#### Exercise description
Word for word, restate the listing; omit the pictures.

#### Input data
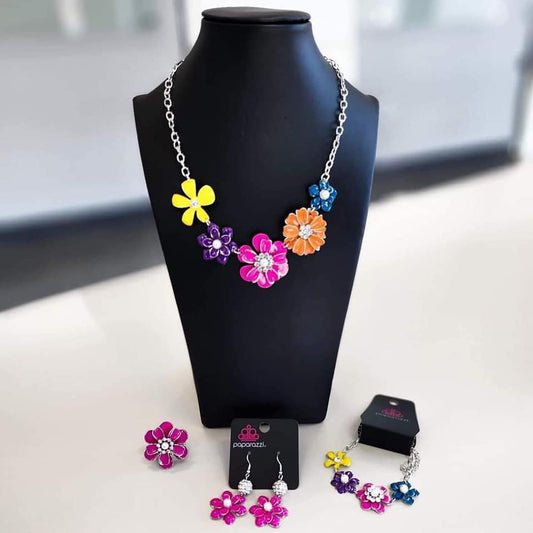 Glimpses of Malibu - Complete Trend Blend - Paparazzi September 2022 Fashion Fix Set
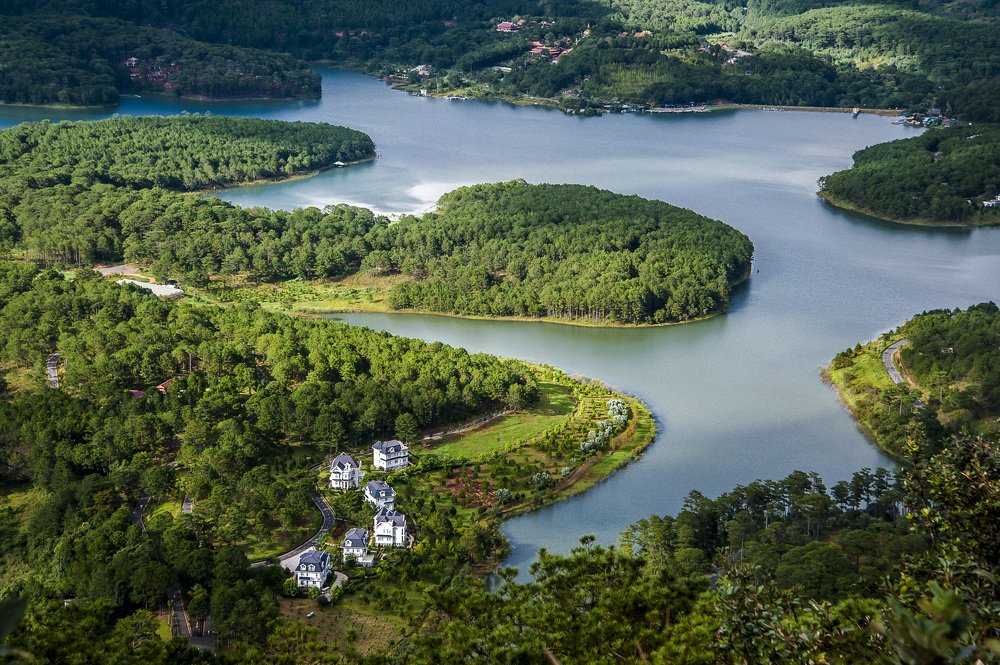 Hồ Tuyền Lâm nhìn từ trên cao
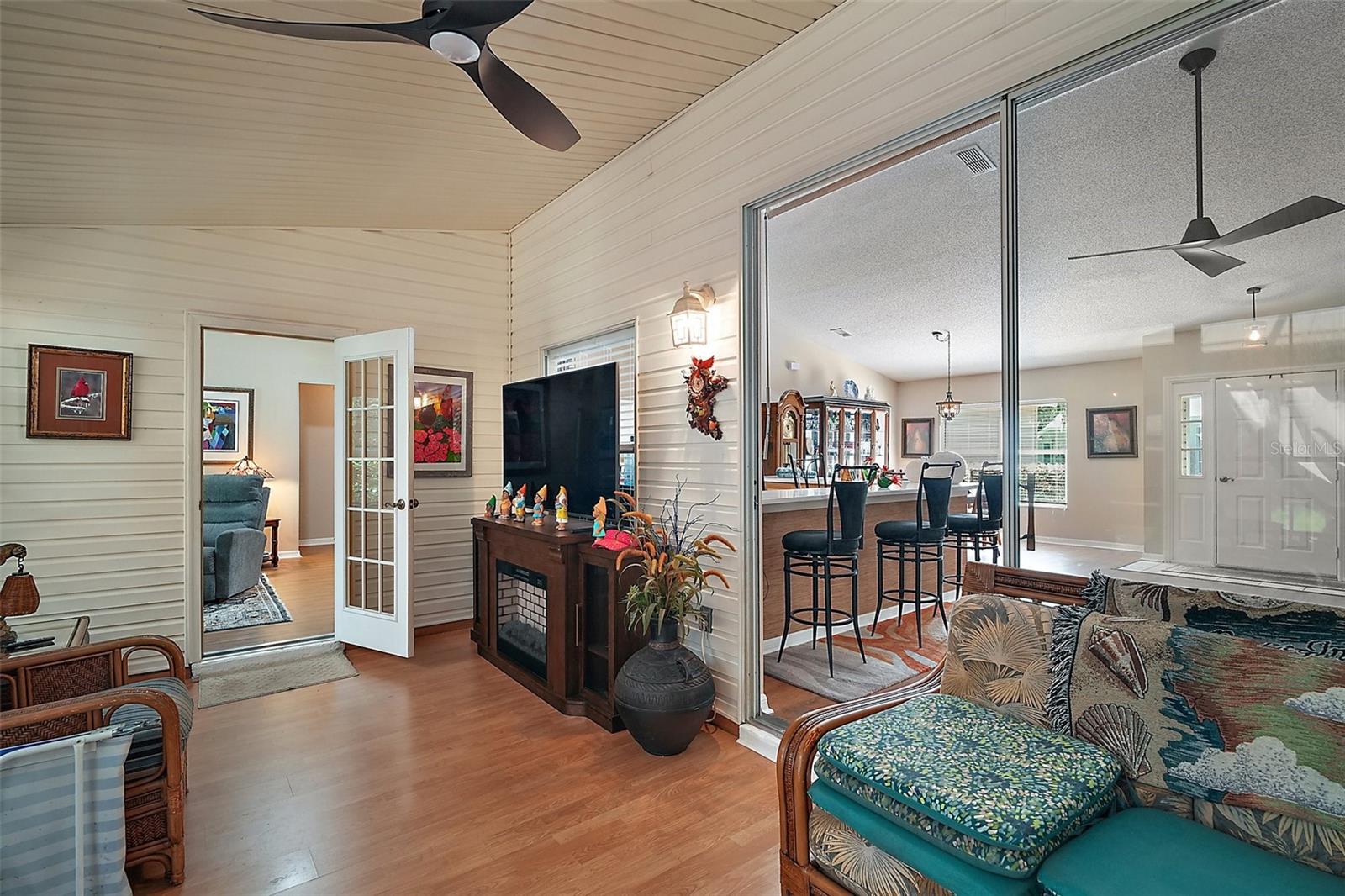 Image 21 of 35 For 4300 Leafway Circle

#### Solution
 Glimpses of Malibu - Complete Trend Blend - Paparazzi September 2022 Fashion Fix Set
 Hồ Tuyền Lâm nhìn từ trên cao
 Image 21 of 35 For 4300 Leafway Circle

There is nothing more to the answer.